- _Available data_
BEGIN
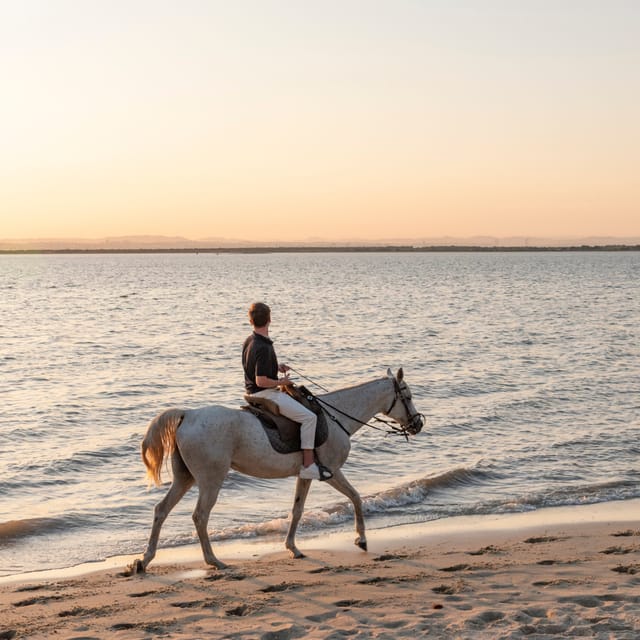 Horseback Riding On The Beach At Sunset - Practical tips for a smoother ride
END
BEGIN
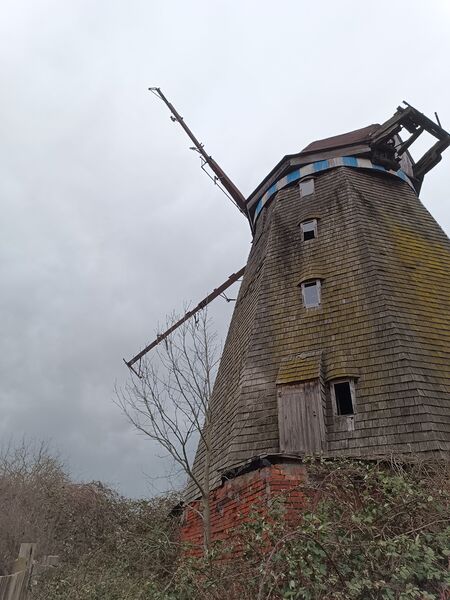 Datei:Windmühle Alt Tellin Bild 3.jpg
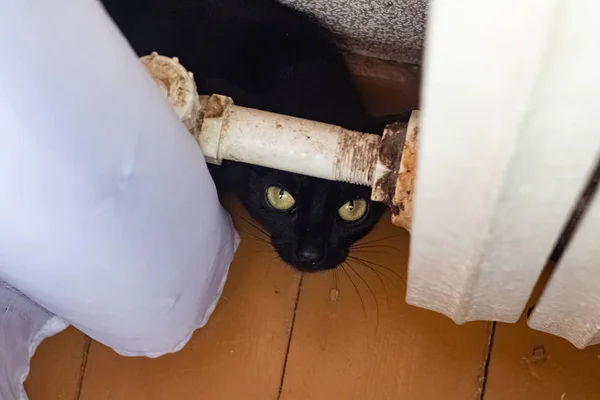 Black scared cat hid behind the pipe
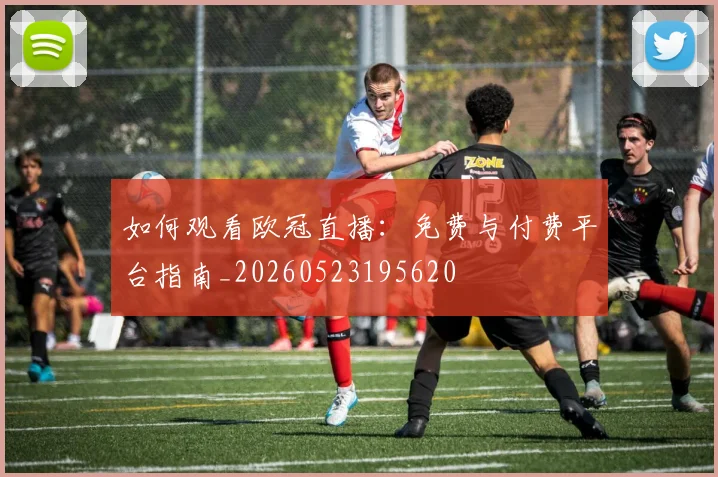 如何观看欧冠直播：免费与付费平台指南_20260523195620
END
- _Work required_
What's needed is an exact copy of the lines above from the one with "Datei:Windmühle Alt Tellin Bild 3.jpg" through the one with "如何观看欧冠直播：免费与付费平台指南_20260523195620", both included; the pictures stay out.

- _Answer below_
 Datei:Windmühle Alt Tellin Bild 3.jpg
 Black scared cat hid behind the pipe
 如何观看欧冠直播：免费与付费平台指南_20260523195620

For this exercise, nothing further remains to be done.